[Date Prev][Date Next][Thread Prev][Thread Next][Date Index][Thread Index]

Re: [Bacula-devel] small mysql patch


Hello,

Thanks for the patch.  I see no problem applying it as it is a comment, which 
is a suggestion.  However, as Eric has said, it may not be such a good idea 
for users to turn these indexes on since, as he points out, they will 
probably leave them.

I like Eric's suggestion that dbcheck automatically (possibly with an option, 
or by requesting permission) create and then delete the indexes that are 
needed for speed.  

Or perhaps we can speed up dbcheck itself.  The current SQL was written by me 
and is *far* from optimal.  Marc Cousin has rewritten the dbcheck sql in a 
script file in <bacula-source>/examples/database/dbcheck.sql, which he says 
runs *much* faster.  In the short run, I would recommend trying out this 
script.  In the long run, when some developer steps forward, or we finish our 
3.0.0 work, I would like to integrate his ideas into dbcheck.

Please see more notes below ... 


On Sunday 31 August 2008 23:17:05 Yuri Timofeev wrote:
> 2008/8/31 Eric Bollengier <eric@xxxxxxxxxxxxxxxx>:
> > Le Sunday 31 August 2008 21:32:16 Yuri Timofeev, vous avez écrit :
> >> Hi
> >>
> >> 2008/8/31 Eric Bollengier <eric@xxxxxxxxxxxxxxxx>:
> >> > Adding indexes will probably speed up dbcheck, but it will slow down
> >> > the attribute insertion process and grow up the database.
> >>
> >> I wrote earlier (see reference to the discussion), that dbcheck can't
> >> complete the job for 3 days!
> >> Once the necessary indexes were created, all work was completed
> >> dbcheck for 3-5 minutes!
> >> Therefore, I say NOT to increase the speed of dbcheck (though this
> >> too), I say about NOT normal work dbcheck.
> >
> > it's why i suggest you to add them to dbcheck.c, if we add this to the
> > default creation script, we can be sure that users will let them in place
> > forever. And after, they will complain about performance problem.
>
> If the problem only in dbcheck (and no problem with Verifies Jobs)
> then have to change dbcheck.
> Maybe I can do it later, I - beginner C programmer ;)
>
> So I asked here (bacula-devel):
> "What IDE, editors, plugins, utilities, etc. You use in developing the
> bacula? In other words, are interested in your working environment. "
> ;)

Yes, and I answered for myself (a dinosaur)  you only need a text editor and 
make -- occasionally gdb.

>
> >> > So, we can say that speed of attribute insertion is much more
> >> > important than dbcheck performance.
> >>
> >> MySQL performs INSERT operations with a very high speed, thus slowing
> >> the work should not be noticeable, IMHO.
> >
> > Performance are much higher with few indexes, i'm not sure that mysql
> > will insert million of rows at the same speed if you add 5 indexes.
>
> Million files in a single Jobs? Maybe this is indeed a rare case.

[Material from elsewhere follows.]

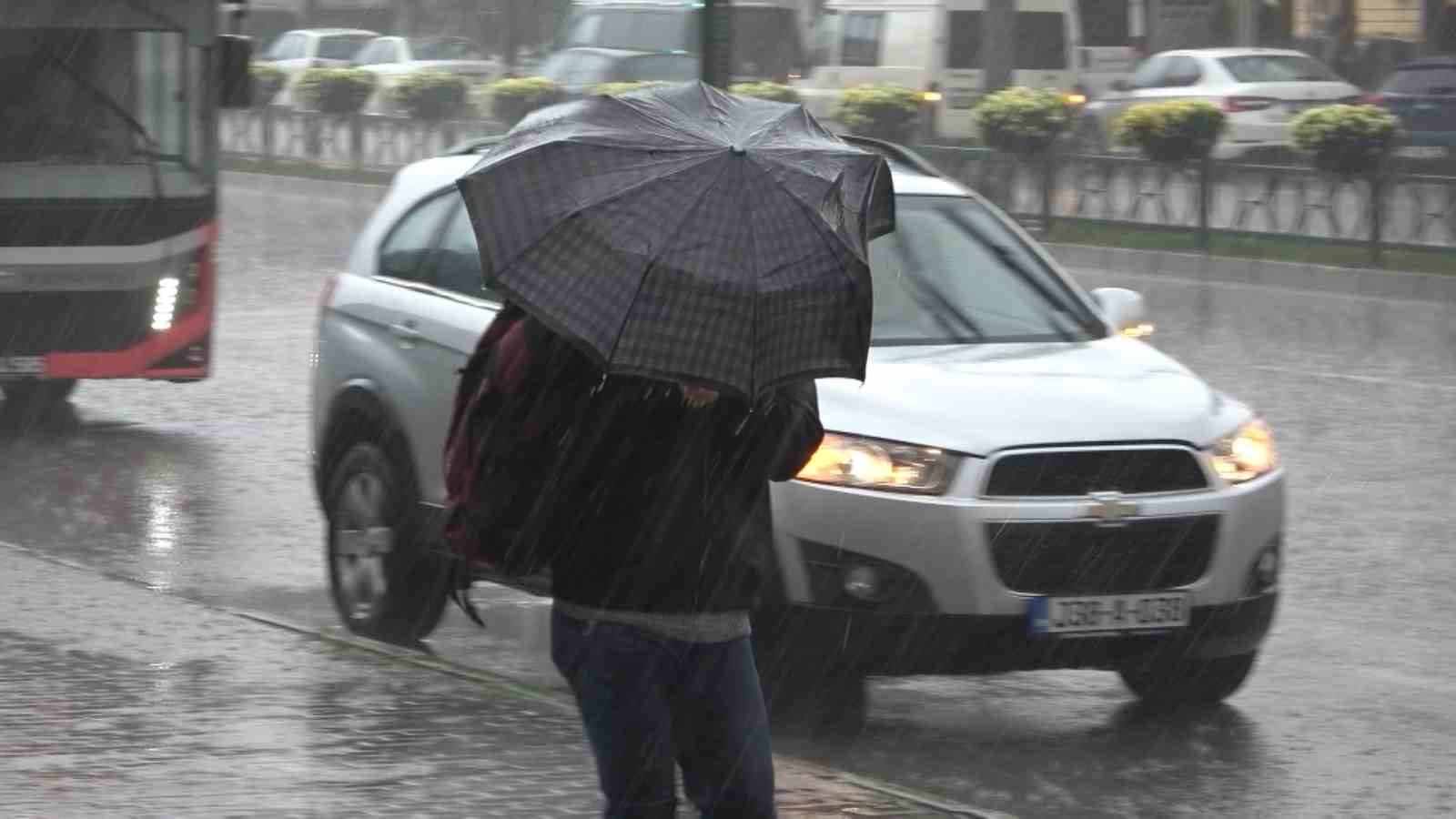 Bursa sağanak yağışa teslim oldu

No, it is, unfortunately, not at all rare.  There are even some users with 10 
Million files in a single backup.  This causes a number of problems for 
restore.  We have some ideas on how to fix it but not the time ... yet ....

>
> >> > The dbcheck operation have to be run once per month, maybe twice per
> >> > year.
> >>
> >> I do understand (see comments in src/cats/make_mysql_tables.in:46,
> >> revision 7535) that there are problems with Verifies Jobs.
> >
> > You can use them if your verify jobs are too slow. Many users don't use
> > this feature. In bacula, you are free to modify indexes as you want.
>
> I agree with you, but all these questions, imho, political:
> whether bacula function normally "out of the box" (decision for a
> large number of users / system administrators), or bacula will work
> for hackers (who will explore SQL queries, create / delete indexes,
> etc.).
> For example, I often do not have time to do so.

The problem is balancing making it "work out of the box" and ensuring that it
works.  There are users out there with 100GB databases, and simply enabling 
new indexes that should be rarely used could be disastrous.  dbcheck is not a 
priority item, so we have not spent much time on this problem.  However, see 
Marc Cousin's script.

>
> No problem will not happen, imho, if Job will be 5-10 minutes longer,
> and if the database will be at 5-10 Gb more.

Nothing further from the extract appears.